Making the most of the Pi's limits

With maximum overclock ('Turbo') I can synthesize reliably 8 notes of polyphony, with 3 or 4 of these filter-enabled. I think an 8-note polysynth with the filter on will stutter, sadly. These 8 notes (or monosynths, however you want to think of them) all have to be in 'cheap' mode (44.1kHz rendering, no oversample) or the Pi will run out of grunt, but 'cheap' mode sounds pretty good. Not as good as 'expensive' mode, but the up front aliasing minimization makes it sound sweet enough. The two recent posts with audio featured all synths in 'cheap' mode.

This 8 note limit isn't bad to be honest, because the synth has 128 rapidly-accessible presets, and for the cost of 2 audio packets worth of rendering a preset can be swapped in. So mid-song, if you issue a 'Program Change' on MIDI channel 4, synth 4 will transplant its personality for a whole new one, within just 3ms, with no interruption of audio rendering. The 2 audio packets is a block on further incoming commands, not a block on rendering. So worst case the next Note On might trigger 3ms late.

Basically you can swap synths in and out between musical phrases. This is computationally less expensive than leaving an extra synth running and hardly using it, so within a fixed polyphony gives you access to a much wider audio palette. Of course and reverb tail from the old synth will continue to sound after you swap it out, so the transitions sound effective. If you are careful with what is sounding when, you can potentially get a big, complex arrangement out of these 8 notes.

Which is nice.

Being Boiled on a Raspberry Pi - excerpt

Those of you with long memories may recollect that I had 2 sign-off tests for my little baby synthcluster. One was that it should be able to perform a 'passable' glamsynth version of Mama Weer All Crazee Now. Whatever 'passable' means in that context - that was always sort of the comedy goal, driven by my exercise music loop. 

But this - THIS - was the serious one - can PIANA running on a 'humble' (read 'feeble'!) Raspberry Pi do a reasonable emulation of one of the most iconic and classic analog synth tracks from 1978? And most important of all - hence the Slade thing - can it pass the glam rock handclap test?!?

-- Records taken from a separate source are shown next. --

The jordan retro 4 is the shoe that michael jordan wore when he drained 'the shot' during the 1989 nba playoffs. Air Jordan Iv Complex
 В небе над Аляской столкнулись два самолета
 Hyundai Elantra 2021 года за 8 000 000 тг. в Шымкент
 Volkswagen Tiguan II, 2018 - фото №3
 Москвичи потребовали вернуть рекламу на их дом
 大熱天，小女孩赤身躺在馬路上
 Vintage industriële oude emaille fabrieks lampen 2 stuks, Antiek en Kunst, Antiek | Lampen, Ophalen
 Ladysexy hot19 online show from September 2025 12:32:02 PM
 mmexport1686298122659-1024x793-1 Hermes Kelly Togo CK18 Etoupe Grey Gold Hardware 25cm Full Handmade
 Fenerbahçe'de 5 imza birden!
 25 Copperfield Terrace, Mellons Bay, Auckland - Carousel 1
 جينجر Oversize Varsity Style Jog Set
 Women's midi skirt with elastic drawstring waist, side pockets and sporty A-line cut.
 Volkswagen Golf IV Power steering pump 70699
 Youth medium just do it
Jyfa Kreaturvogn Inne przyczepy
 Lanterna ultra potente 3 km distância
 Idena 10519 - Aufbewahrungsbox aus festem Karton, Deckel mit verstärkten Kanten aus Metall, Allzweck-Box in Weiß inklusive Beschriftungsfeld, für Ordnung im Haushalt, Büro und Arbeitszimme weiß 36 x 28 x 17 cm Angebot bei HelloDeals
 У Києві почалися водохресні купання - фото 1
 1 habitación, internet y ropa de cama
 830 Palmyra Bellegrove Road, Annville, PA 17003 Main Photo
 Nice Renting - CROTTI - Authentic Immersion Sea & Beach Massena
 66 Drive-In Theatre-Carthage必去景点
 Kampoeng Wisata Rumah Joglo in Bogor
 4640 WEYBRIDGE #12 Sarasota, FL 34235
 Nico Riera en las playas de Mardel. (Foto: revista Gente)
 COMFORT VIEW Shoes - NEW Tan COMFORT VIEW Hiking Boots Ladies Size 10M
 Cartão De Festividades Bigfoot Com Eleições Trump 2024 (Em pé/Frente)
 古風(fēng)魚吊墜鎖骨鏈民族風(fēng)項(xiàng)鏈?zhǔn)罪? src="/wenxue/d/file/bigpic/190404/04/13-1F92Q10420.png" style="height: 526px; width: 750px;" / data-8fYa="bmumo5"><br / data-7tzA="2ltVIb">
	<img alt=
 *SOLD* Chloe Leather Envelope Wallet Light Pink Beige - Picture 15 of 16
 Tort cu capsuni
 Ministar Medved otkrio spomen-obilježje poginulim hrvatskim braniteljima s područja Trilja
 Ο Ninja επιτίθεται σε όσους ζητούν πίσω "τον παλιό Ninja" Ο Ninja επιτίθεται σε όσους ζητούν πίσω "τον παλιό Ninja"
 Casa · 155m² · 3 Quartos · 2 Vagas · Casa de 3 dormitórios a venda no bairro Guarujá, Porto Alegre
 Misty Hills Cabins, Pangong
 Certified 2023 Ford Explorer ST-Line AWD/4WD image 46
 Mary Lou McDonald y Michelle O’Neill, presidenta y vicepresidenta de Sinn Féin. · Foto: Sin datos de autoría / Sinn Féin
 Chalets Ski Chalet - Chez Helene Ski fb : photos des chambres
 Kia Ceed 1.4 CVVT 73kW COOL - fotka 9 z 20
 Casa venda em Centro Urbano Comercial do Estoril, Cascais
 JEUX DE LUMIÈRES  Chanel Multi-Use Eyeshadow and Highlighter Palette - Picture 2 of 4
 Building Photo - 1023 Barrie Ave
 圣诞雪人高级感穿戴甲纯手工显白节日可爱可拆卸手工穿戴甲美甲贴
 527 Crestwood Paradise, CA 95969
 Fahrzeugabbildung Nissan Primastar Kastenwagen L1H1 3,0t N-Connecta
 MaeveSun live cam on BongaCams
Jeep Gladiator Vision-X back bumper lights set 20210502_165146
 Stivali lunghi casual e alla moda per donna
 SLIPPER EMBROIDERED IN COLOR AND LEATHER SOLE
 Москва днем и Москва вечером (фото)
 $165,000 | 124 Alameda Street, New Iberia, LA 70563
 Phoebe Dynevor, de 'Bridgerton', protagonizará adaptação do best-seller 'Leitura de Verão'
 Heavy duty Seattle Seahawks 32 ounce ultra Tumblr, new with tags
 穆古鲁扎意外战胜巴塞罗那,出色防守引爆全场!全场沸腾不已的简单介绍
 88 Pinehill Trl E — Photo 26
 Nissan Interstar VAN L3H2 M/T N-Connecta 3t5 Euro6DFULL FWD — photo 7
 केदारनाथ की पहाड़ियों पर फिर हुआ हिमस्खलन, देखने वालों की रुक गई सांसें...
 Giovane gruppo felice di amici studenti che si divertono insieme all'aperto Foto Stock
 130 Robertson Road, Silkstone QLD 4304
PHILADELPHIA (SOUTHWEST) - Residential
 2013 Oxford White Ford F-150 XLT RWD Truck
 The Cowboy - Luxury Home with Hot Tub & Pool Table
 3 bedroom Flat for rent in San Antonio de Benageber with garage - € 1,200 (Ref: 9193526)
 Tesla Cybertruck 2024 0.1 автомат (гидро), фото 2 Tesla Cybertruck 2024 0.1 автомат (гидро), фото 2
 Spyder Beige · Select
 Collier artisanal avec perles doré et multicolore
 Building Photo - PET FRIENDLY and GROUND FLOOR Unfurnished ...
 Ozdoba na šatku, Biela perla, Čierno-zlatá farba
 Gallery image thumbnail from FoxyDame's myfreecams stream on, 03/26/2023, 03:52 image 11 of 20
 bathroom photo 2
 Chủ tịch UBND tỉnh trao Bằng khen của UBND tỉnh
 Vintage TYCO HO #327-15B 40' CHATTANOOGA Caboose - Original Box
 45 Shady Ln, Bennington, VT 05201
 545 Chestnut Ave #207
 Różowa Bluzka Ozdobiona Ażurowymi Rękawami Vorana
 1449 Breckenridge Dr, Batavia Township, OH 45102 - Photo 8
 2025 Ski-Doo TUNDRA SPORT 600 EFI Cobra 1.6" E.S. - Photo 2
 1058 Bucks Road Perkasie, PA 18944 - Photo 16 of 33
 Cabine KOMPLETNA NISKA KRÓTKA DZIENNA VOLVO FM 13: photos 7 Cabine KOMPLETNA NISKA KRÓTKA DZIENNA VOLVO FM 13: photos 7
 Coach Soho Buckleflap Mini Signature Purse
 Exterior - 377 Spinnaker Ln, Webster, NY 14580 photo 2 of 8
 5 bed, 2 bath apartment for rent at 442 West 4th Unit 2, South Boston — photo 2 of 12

What do you think? Listen to the voice of Buddha and judge - just 5 synths here, just 2 of them pitched, 3 percussive. Not bad is it, for £20 of hardware? No samples, all computed, made with code indeed. Synth music totally beats a plastic 3D printed bracelet ... 

Monday, 18 August 2014

Beware denormalized floats on the Pi folks

Word of warning folks. My project had what I thought were all the right settings, i.e. -Ofast -ffast-math - but still I was being absolutely hammered by a performance problem associated with denormalized floats. When injecting the Popcorn MIDI into the Pi, I print out an occasional 'last packet rendered at effective %f samples/sec', and most of the time everything was comfortable, running between 60-75k, bottoming out mid-50s. But as soon as I hit stop, performance fell through the floor - 40.5k, 30k, suddenly a remarkably horrible 2.3k samples/sec as ALSA also got annoyed with me for failing to deliver packets in a timely manner. As soon as I introduced a denorm fixer into 2 key places - the reverb unit and the stereo delay - it all sorted itself. And obviously, reverting to my previous fixed-point delay and reverb implementations also worked great.

So, buyer beware - I don't know how to set compiler flags to stop this happening in other projects, but at least I have an emergency drop-in denorm fixer, which looks like this -


static inline void denormFloat ( float *s )
{
int exp = (((int *) s)[0]) & 0x7f800000;
if (exp < 0x1000000) (*s)=0;

}

and which, if my exponent head is working correctly, has a whole power of two guard band in it before going denormalized.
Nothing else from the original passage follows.